On a few occasions her friends would visit and sit with her. They supported the idea of her coming back to the day centre, a social club for elderly South Asian people, before the traditional days of mourning were up. She needed the company they argued, and they assured her that they were guarding her chair to make sure no one else sat in it. They understood that eventually life would take over and we would sink back into our own respective normality. My grandmother would be the one left with the biggest gaping hole because, after 60 years of marriage, normality without my grandfather did not exist.
“Without the right words, I found myself waking up before she did at the crack of dawn, bringing her tea, laying on the couch beside her, combing her hair, and preparing meals to ensure that she ate. I showed her love in the same way that she did to my sisters and I once upon a time when we were children. Without words.”
Traditionally widows are supposed to wear white but my grandfather had said he did not want this for my grandmother. I watched as these women discussed my grandma’s concerns about following his wishes. They supported, defended, and comforted her. I mapped their dynamic against my own relationship with my friends.
Without realizing, I had taken it for granted that my grandparents just existed through the lens that I knew them but it dawned on me that they had conversations about this. They knew this day would come. They were parents before they were grandparents. They were a couple before they were parents. She was a young woman before she was a wife.
The night before the funeral I spent some time looking through the old photo albums that I had only ever considered a part of the décor and acknowledged from afar. I pulled them out and I was confronted with photos of their lives before I existed. Time felt like it sped up as I turned the pages and saw my grandfather posing exactly as my dad does now. My grandmother in western clothing, on holiday, with young children. It seems ridiculous now to think that I have only ever imagined her as she is now and that I had never taken the time to consider that she wasn’t elderly when she got married and started a new life in the UK.
After the funeral when everyone returned to work and my family flew back to the U.S., I stayed with my grandma for a week to keep her company in a now empty house. I wanted to talk to her, to laugh with her, to comfort her, and talk through her feelings.

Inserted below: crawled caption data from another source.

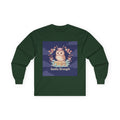 Owl Long Sleeve Tee – Gentle Strength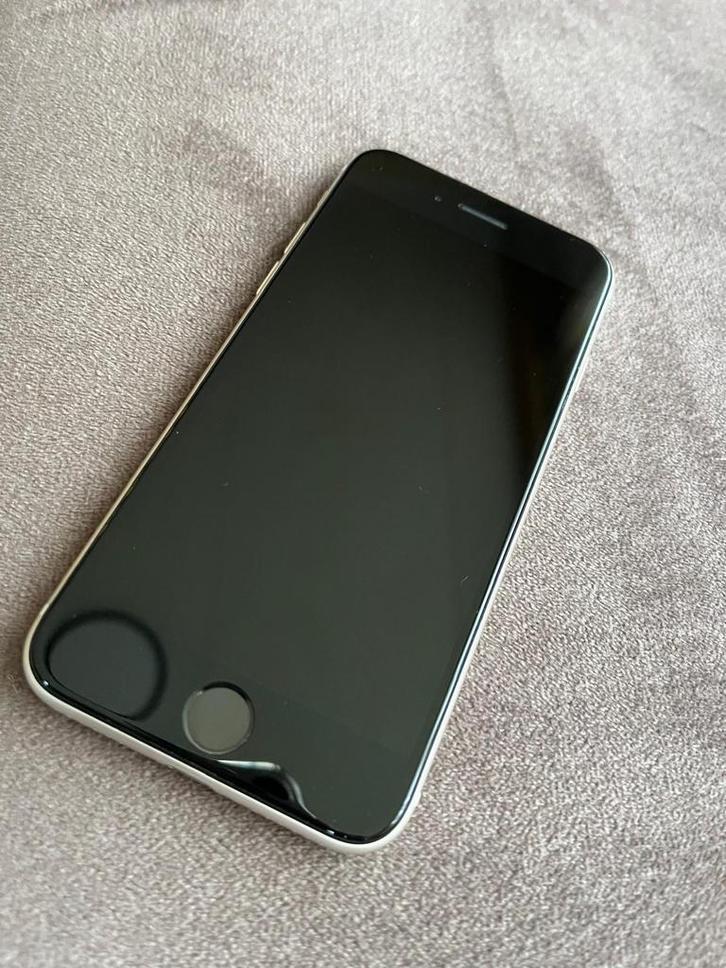 Iphone SE 2022 (3rd generation), Telecommunicatie, Mobiele telefoons | Apple iPhone, Zo goed als nieuw, 128 GB, Zonder abonnement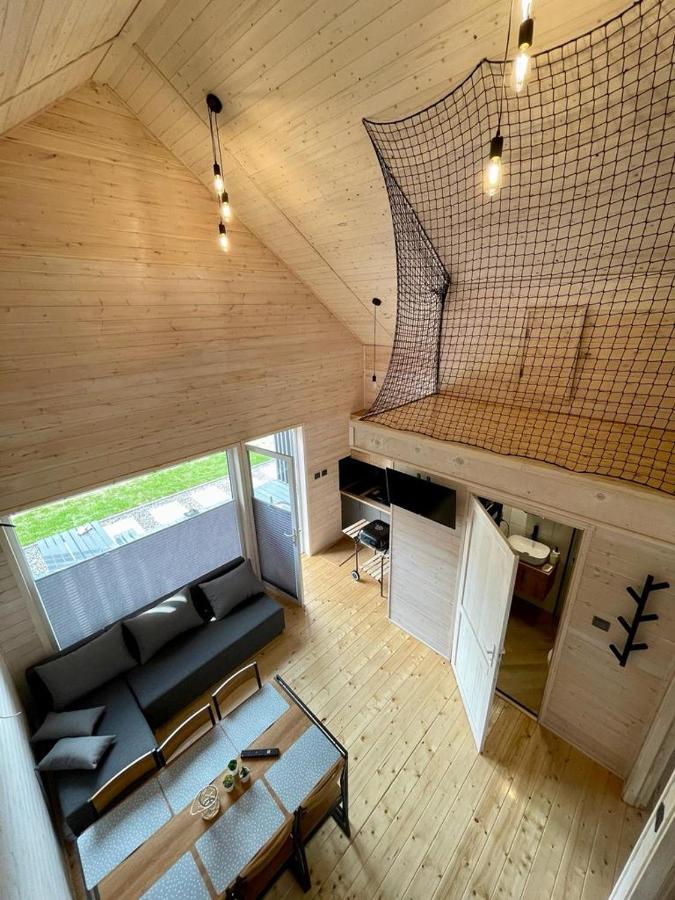 Ferienwohnung Sunmare Sarbinowo Exterior foto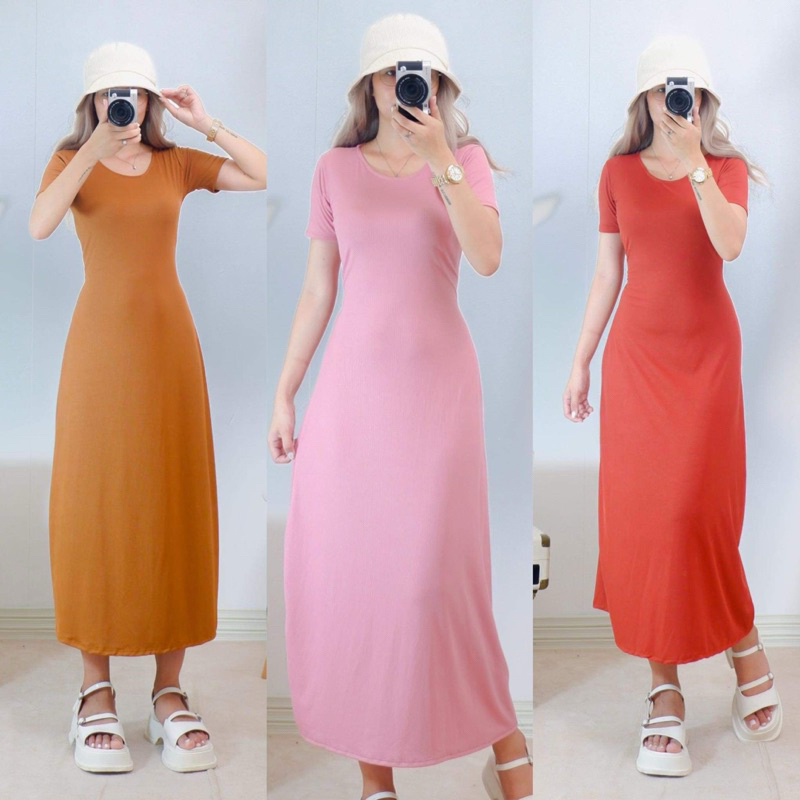 Maxi dress outfit deals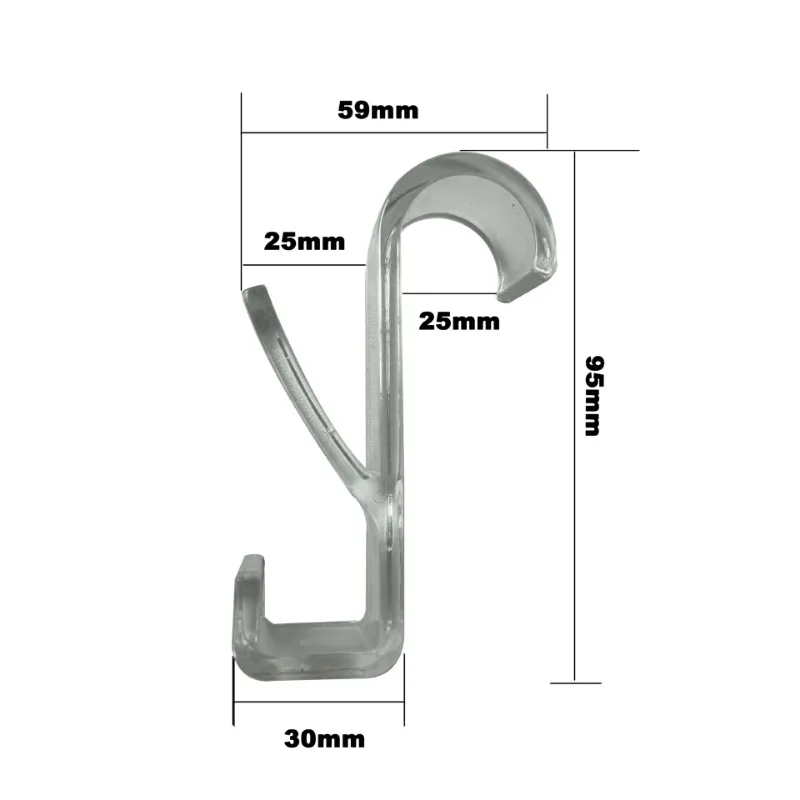 3/6PCS Badkamer Hanger Clips Verwarmde Handdoek Radiator Rail Haak Houder Multifunctionele Droogrek Haak Handdoek Kleding opslag Hanger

After the first morning of being completely alone with her I would have settled to have been able to just chat awkwardly about the weather. I couldn’t talk about the news, which played in the background. I fixated on the television as if I understood what was being said, desperately trying to feel some kind of comfort from the man on the television reciting prayers I didn’t understand.
I resisted the urge to Twitter, Instagram, and Facebook my way through the week — I wanted to be present. Instead, without the right words, I found myself waking up before she did at the crack of dawn, bringing her tea, laying on the couch beside her, combing her hair, and preparing meals to ensure that she ate. I showed her love in the same way that she did to my sisters and I once upon a time when we were children. Without words.